Images are not wanted; transcribe the rest of the listing exactly.
━━━ Exercise input
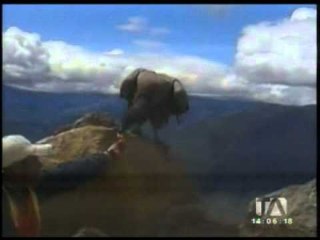 Imágenes en internet muestran a una persona alimentando a un pichón de cóndor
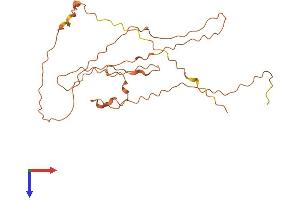 AlphaFold protein structure predicition of Human Recombinant DCANP1 Protein, UniprotID Q8TF63 (Chromosome 5 Open Reading Frame 20 (C5ORF20) (AA 1-244) protein (His tag))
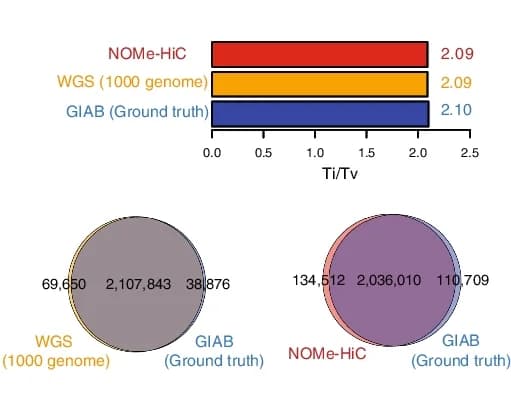 Open access visualization of Bar Plot, Venn Diagram, SNPs, Genome in a Bottle, GIAB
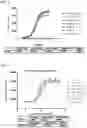 Fig. 03 - FUSION PROTEINS AND USES THEREOF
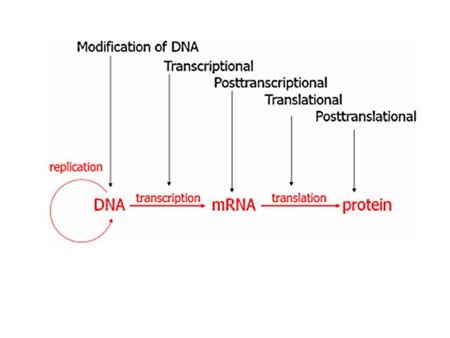Transcriptional - These mechanisms prevent transcription. Posttranscriptional - These mechanisms control or regulate mRNA after it has been produced.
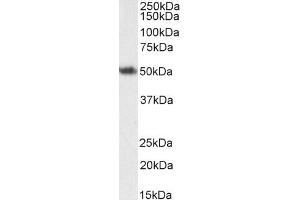 Western Blotting (WB) image for anti-Forkhead Box L2 (FOXL2) (C-Term) antibody (ABIN185040)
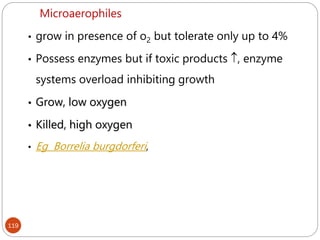 119
Microaerophiles
• grow in presence of o2 but tolerate only up to 4%
• Possess enzymes but if toxic products , enzyme
systems overload inhibiting growth
• Grow, low oxygen
• Killed, high oxygen
• Eg Borrelia burgdorferi,
 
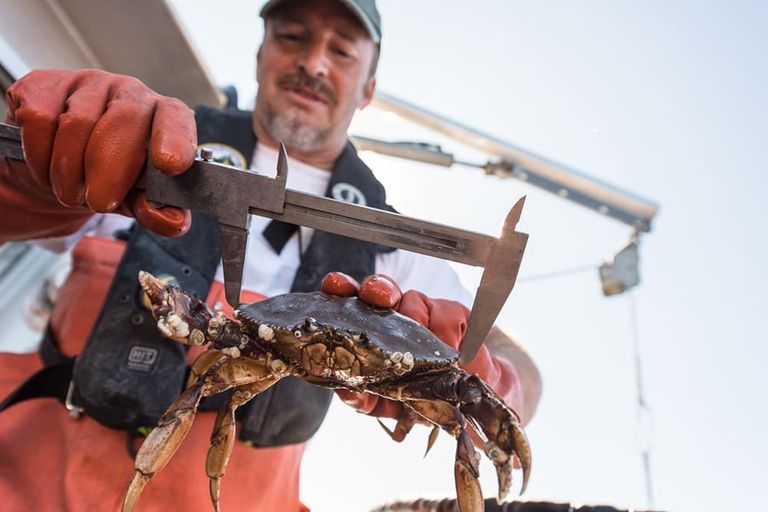 Image of a fisherman measuring a Dungeness crab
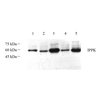 Anti -IPPK/IPK1 Rabbit pAb Western blot antibody polyclonal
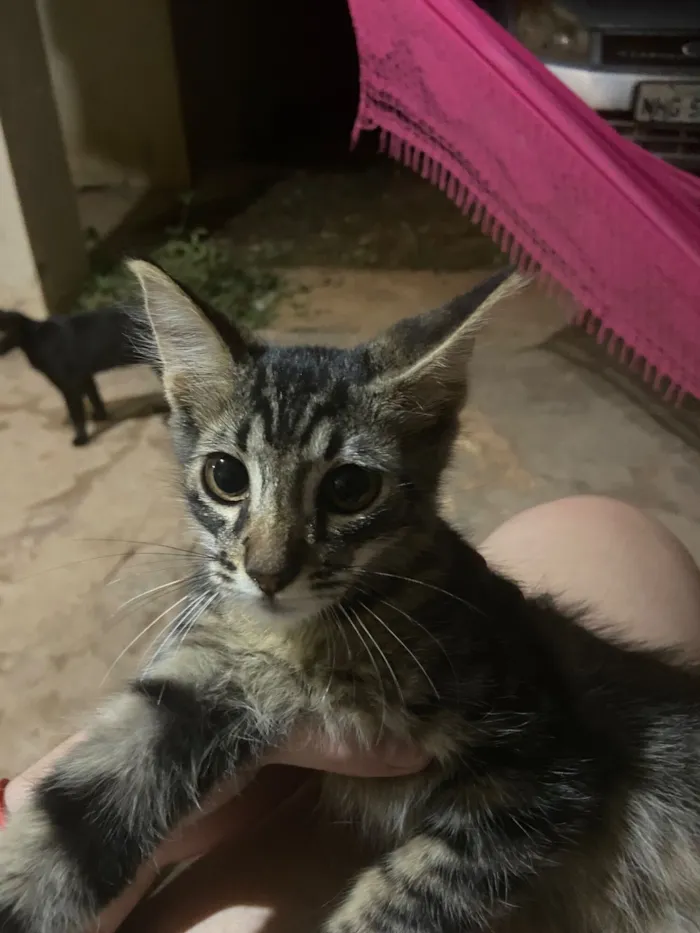 Gato raça SRD-ViraLata idade 2 a 6 meses nome Nao tem nome
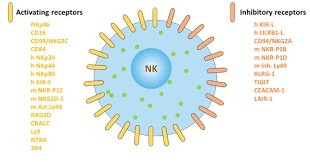 The role of nk cells is analogous to that of cytotoxic t cells in the vertebrate adaptive immune response. Surface Markers Of Natural Killer Cells Cusabio
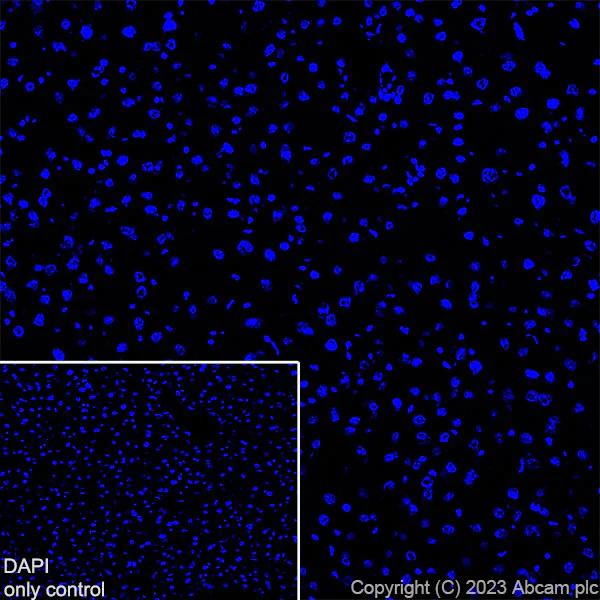 Immunohistochemistry (Frozen sections) - Alexa Fluor® 647 Anti-Myosin heavy chain antibody [A4.1025] (AB315963)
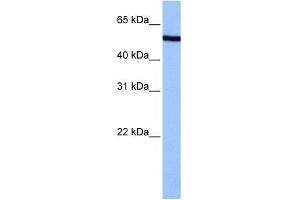 NUP50 antibody used at 0. (NUP50 Antikörper  (C-Term))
━━━━━━
# Answer section
 Imágenes en internet muestran a una persona alimentando a un pichón de cóndor
 AlphaFold protein structure predicition of Human Recombinant DCANP1 Protein, UniprotID Q8TF63 (Chromosome 5 Open Reading Frame 20 (C5ORF20) (AA 1-244) protein (His tag))
 Open access visualization of Bar Plot, Venn Diagram, SNPs, Genome in a Bottle, GIAB
 Fig. 03 - FUSION PROTEINS AND USES THEREOF
Transcriptional - These mechanisms prevent transcription. Posttranscriptional - These mechanisms control or regulate mRNA after it has been produced.
 Western Blotting (WB) image for anti-Forkhead Box L2 (FOXL2) (C-Term) antibody (ABIN185040)
 119
Microaerophiles
• grow in presence of o2 but tolerate only up to 4%
• Possess enzymes but if toxic products , enzyme
systems overload inhibiting growth
• Grow, low oxygen
• Killed, high oxygen
• Eg Borrelia burgdorferi,
 
 Image of a fisherman measuring a Dungeness crab
 Anti -IPPK/IPK1 Rabbit pAb Western blot antibody polyclonal
 Gato raça SRD-ViraLata idade 2 a 6 meses nome Nao tem nome
 The role of nk cells is analogous to that of cytotoxic t cells in the vertebrate adaptive immune response. Surface Markers Of Natural Killer Cells Cusabio
 Immunohistochemistry (Frozen sections) - Alexa Fluor® 647 Anti-Myosin heavy chain antibody [A4.1025] (AB315963)
 NUP50 antibody used at 0. (NUP50 Antikörper  (C-Term))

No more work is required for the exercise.